*TASK DETAILS*:
Write out every line of the material as it stands, apart from the pictures.
Start of Block
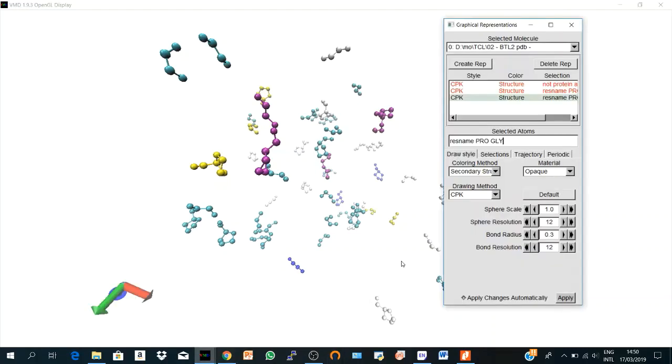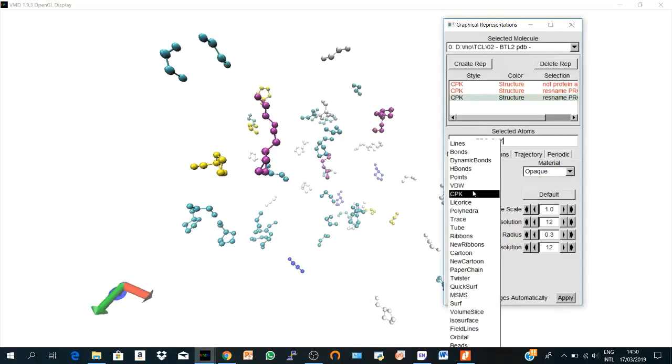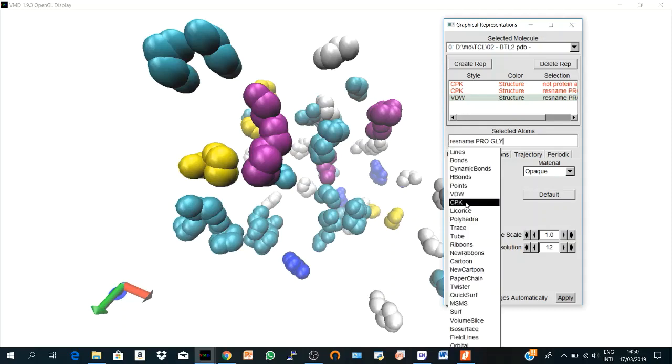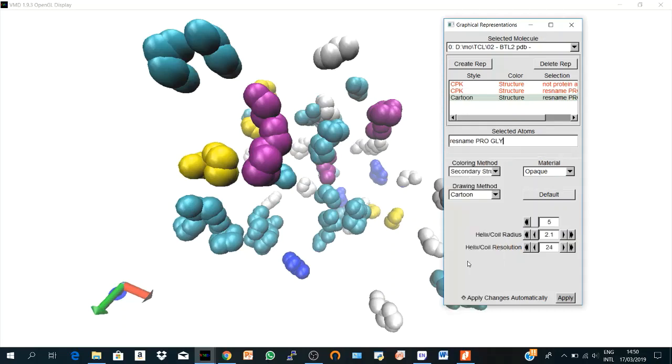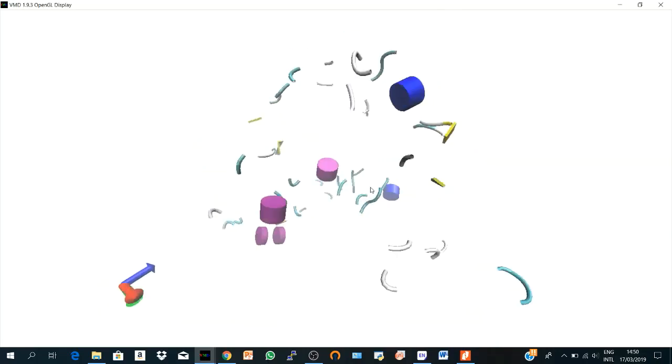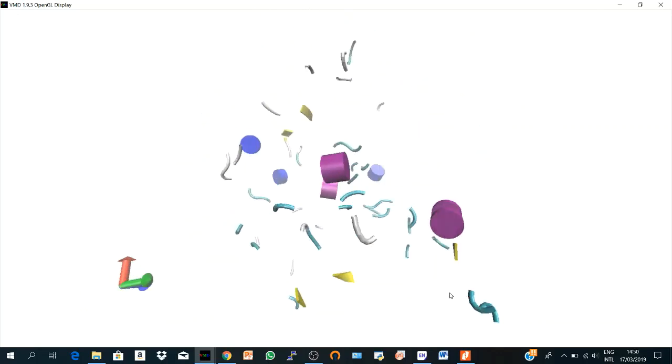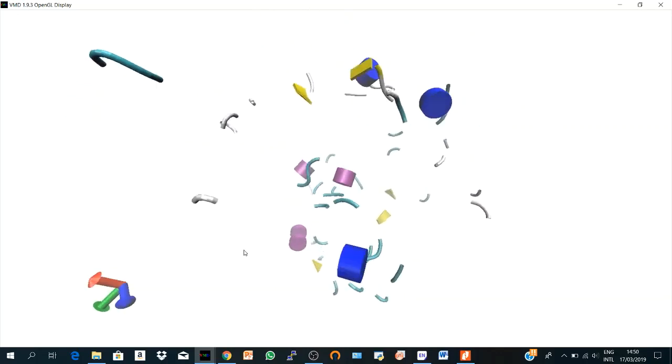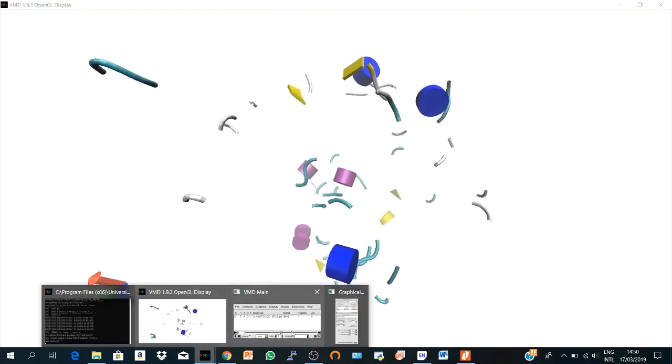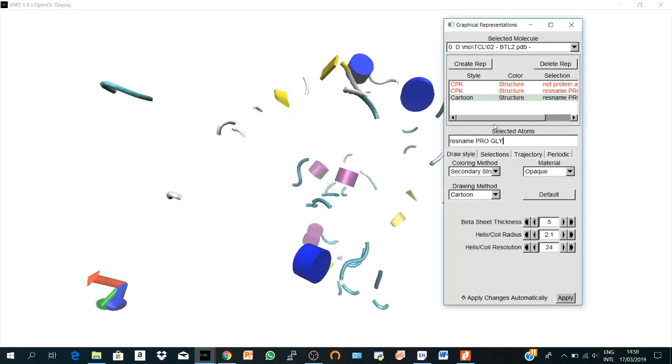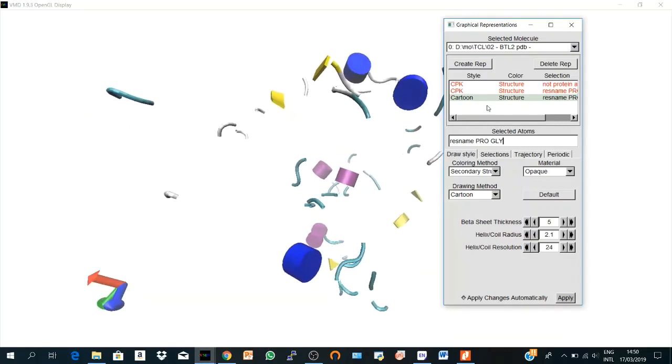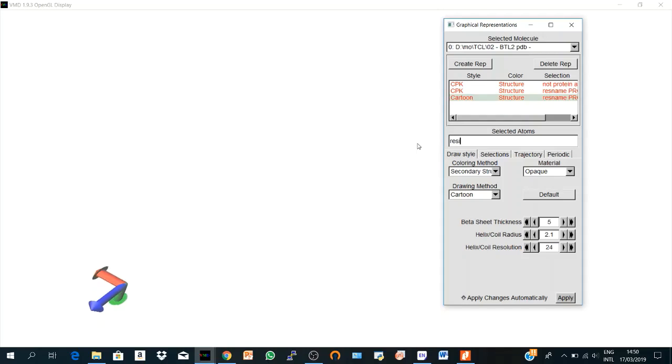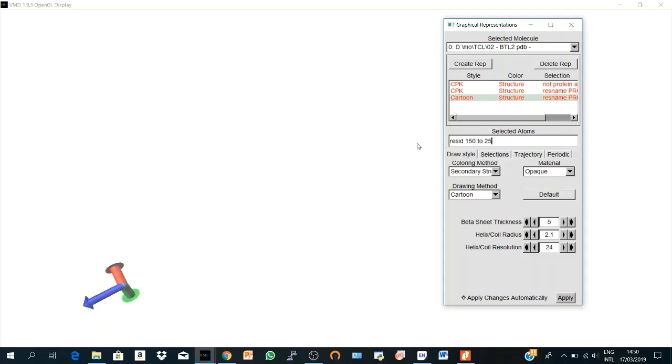Also, you can change it to say let's say VDW or New Cartoon. See, these are the prolines and glycines in my structure. Let's hide this representation and create another one. Double-click here. And let's say there's another command which is ResID. So I'm telling VMD to show me the residues from 150 to 250, for example. And I say create a representation.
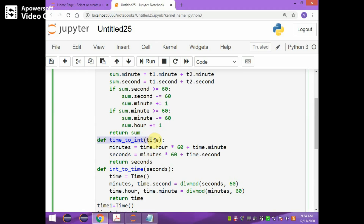The `time_to_int` function converts time to integer — that is, it converts time to seconds. It takes `time` as the parameter which is an object. `time.hour` is multiplied by 60 and added with `time.minutes`, converting to minutes. The converted minutes are then multiplied by 60 and added with `time.seconds`, converting to total seconds. The entire time is thus converted to seconds and the seconds value is returned, which is an integer value.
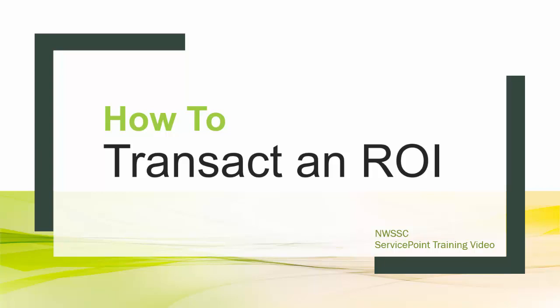Welcome to the NWSSC Service Point training video on how to transact an ROI. The ROI is used to document the client's consent to share their information in Service Point. It's important to remember the ROI is transacted before starting your data entry.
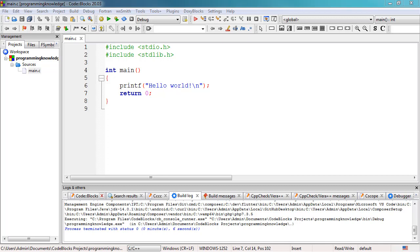So basically, when we say string in C programming, it is a one-dimensional array of characters. In other terms, this is just a group of characters logically grouped together, and there should be a reason why we're grouping these characters together. This is terminated by a null character, backslash zero.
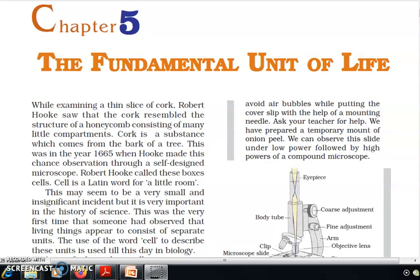Hi friends, 9th class science textbook, Chapter 5: The Fundamental Unit of Life. While examining a thin slice of cork, Robert Hooke saw that the cork resembled the structure of a honeycomb, consisting of many little compartments. Cork is a substance which comes from the bark of a tree. This was in the year 1665. Robert Hooke called these boxes 'cells' — cell is a Latin word for a little room.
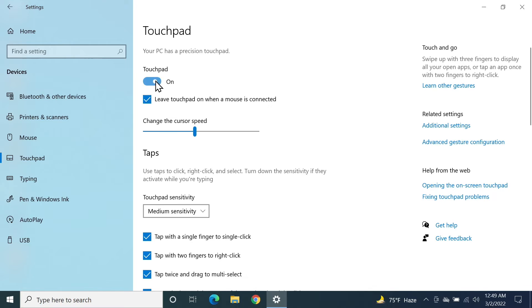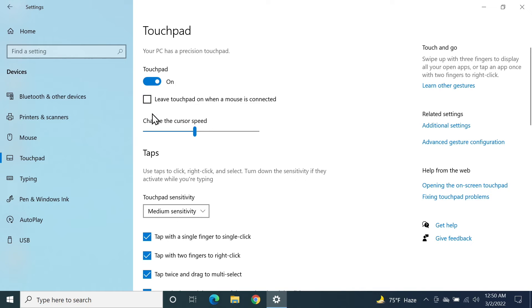Alternatively, if you're using a mouse, you can just check this box. What it will do is disable your touchpad when your mouse is connected and it will enable the touchpad when your mouse is disconnected. This is a really handy feature.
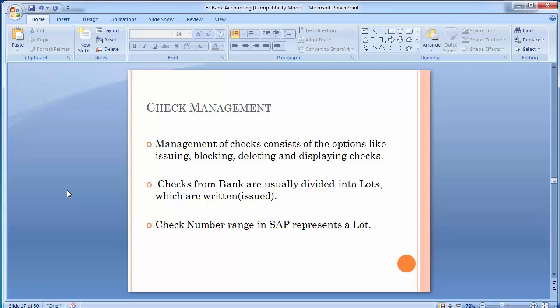The print program uses this number range to link the check with the payment. It's a very important part of banking — how you manage your checks — because in normal practical scenarios checks are written for different purposes and payments. At times checks are blocked, get cancelled, or need to be reprinted. How these facilities work in the SAP system is what we need to look at.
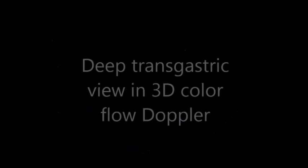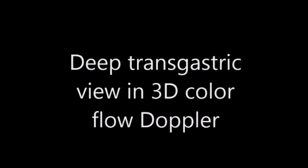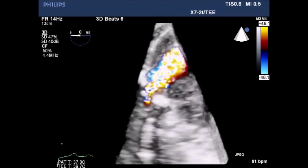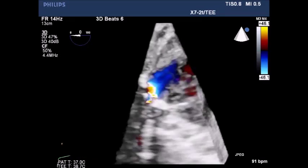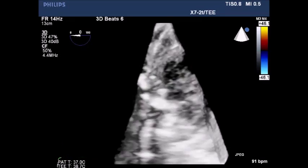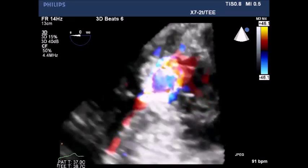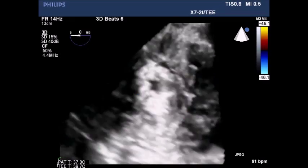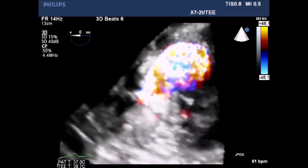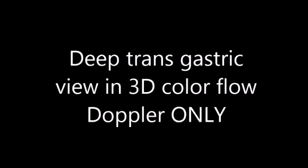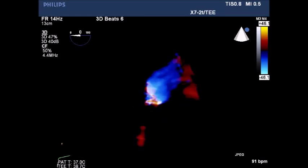Deep transgastric view on 3D color showing severe aortic insufficiency and a motionless aortic valve. Increasing transparency in the 2D elements — note again severe aortic insufficiency. Deep transgastric view without 2D images, showing just a color flow Doppler pattern.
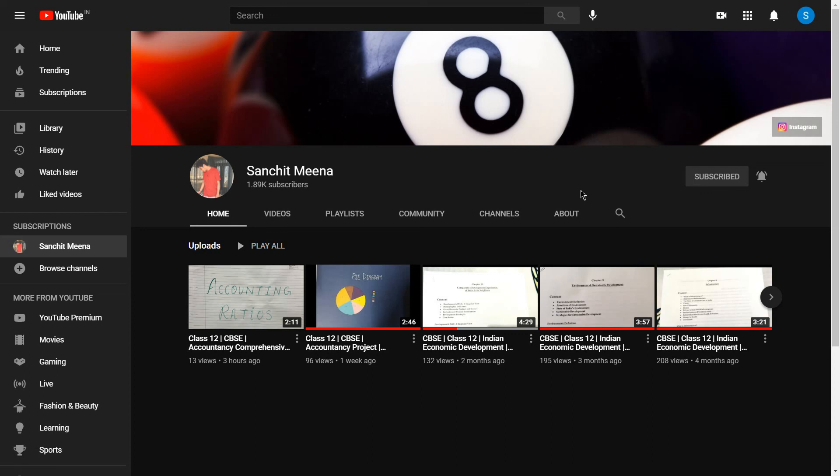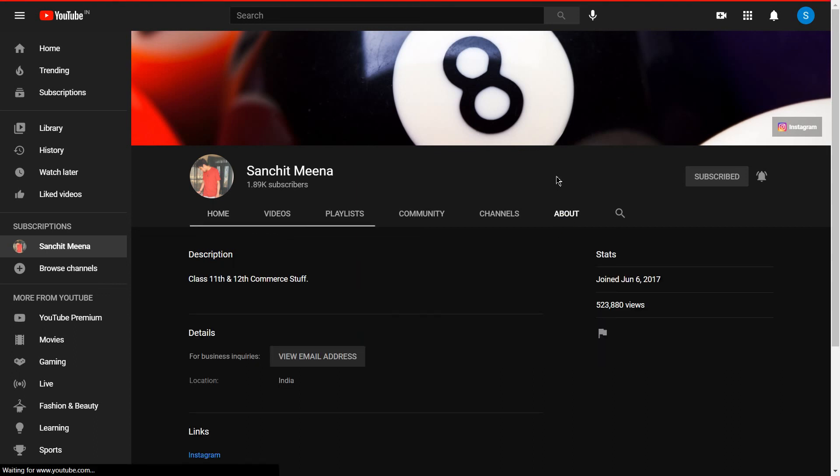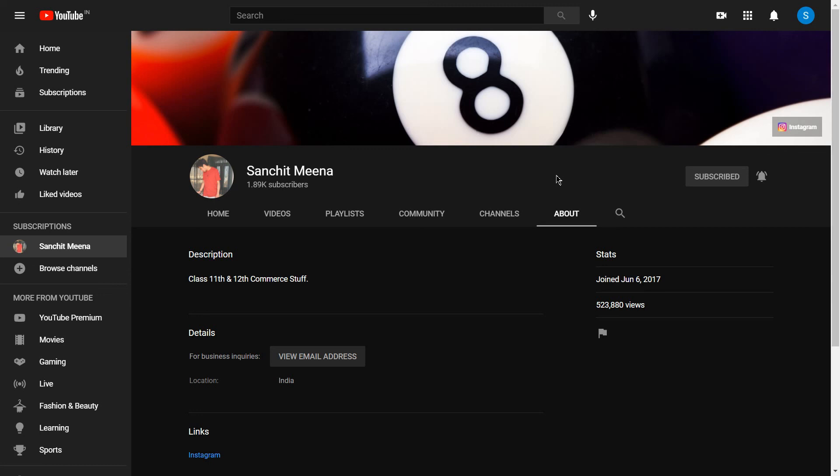Apart from this, if you want my notes or my projects in PDF, then do mail or DM me on my Instagram account. Links are given in the description, so see you all there. Till then, bye, take care, and stay safe.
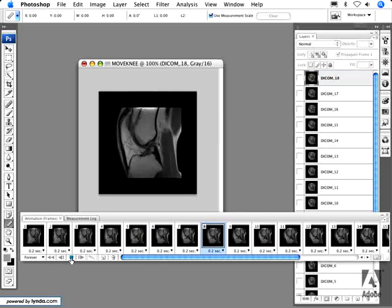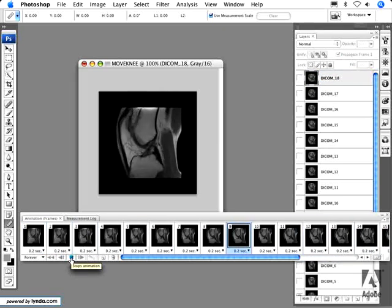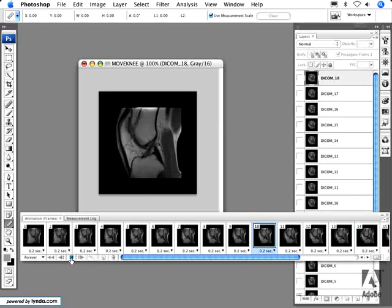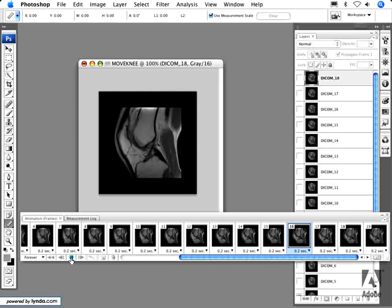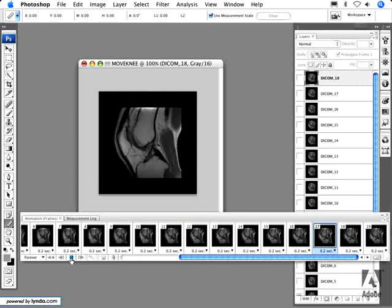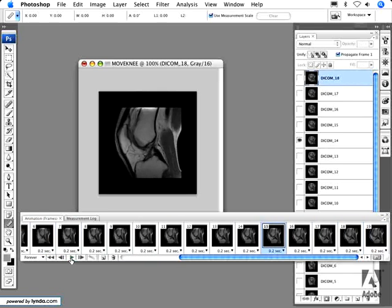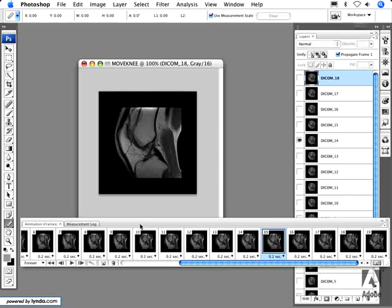This is a really useful feature for people who are taking time-series images and wanting to show them in an animation. You can export this as an AVI file, an MPEG file, or even a GIF file for use in presentations, on the web, or for other purposes. That covers how to get DICOM images into Photoshop, how to export them, and some interesting things you can do with them.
End of Block
*RESULT*:
Also, you can change it to say let's say VDW or New Cartoon. See, these are the prolines and glycines in my structure. Let's hide this representation and create another one. Double-click here. And let's say there's another command which is ResID. So I'm telling VMD to show me the residues from 150 to 250, for example. And I say create a representation.
The `time_to_int` function converts time to integer — that is, it converts time to seconds. It takes `time` as the parameter which is an object. `time.hour` is multiplied by 60 and added with `time.minutes`, converting to minutes. The converted minutes are then multiplied by 60 and added with `time.seconds`, converting to total seconds. The entire time is thus converted to seconds and the seconds value is returned, which is an integer value.
Welcome to the NWSSC Service Point training video on how to transact an ROI. The ROI is used to document the client's consent to share their information in Service Point. It's important to remember the ROI is transacted before starting your data entry.
So basically, when we say string in C programming, it is a one-dimensional array of characters. In other terms, this is just a group of characters logically grouped together, and there should be a reason why we're grouping these characters together. This is terminated by a null character, backslash zero.
Hi friends, 9th class science textbook, Chapter 5: The Fundamental Unit of Life. While examining a thin slice of cork, Robert Hooke saw that the cork resembled the structure of a honeycomb, consisting of many little compartments. Cork is a substance which comes from the bark of a tree. This was in the year 1665. Robert Hooke called these boxes 'cells' — cell is a Latin word for a little room.
Alternatively, if you're using a mouse, you can just check this box. What it will do is disable your touchpad when your mouse is connected and it will enable the touchpad when your mouse is disconnected. This is a really handy feature.
The print program uses this number range to link the check with the payment. It's a very important part of banking — how you manage your checks — because in normal practical scenarios checks are written for different purposes and payments. At times checks are blocked, get cancelled, or need to be reprinted. How these facilities work in the SAP system is what we need to look at.
Deep transgastric view on 3D color showing severe aortic insufficiency and a motionless aortic valve. Increasing transparency in the 2D elements — note again severe aortic insufficiency. Deep transgastric view without 2D images, showing just a color flow Doppler pattern.
Apart from this, if you want my notes or my projects in PDF, then do mail or DM me on my Instagram account. Links are given in the description, so see you all there. Till then, bye, take care, and stay safe.
This is a really useful feature for people who are taking time-series images and wanting to show them in an animation. You can export this as an AVI file, an MPEG file, or even a GIF file for use in presentations, on the web, or for other purposes. That covers how to get DICOM images into Photoshop, how to export them, and some interesting things you can do with them.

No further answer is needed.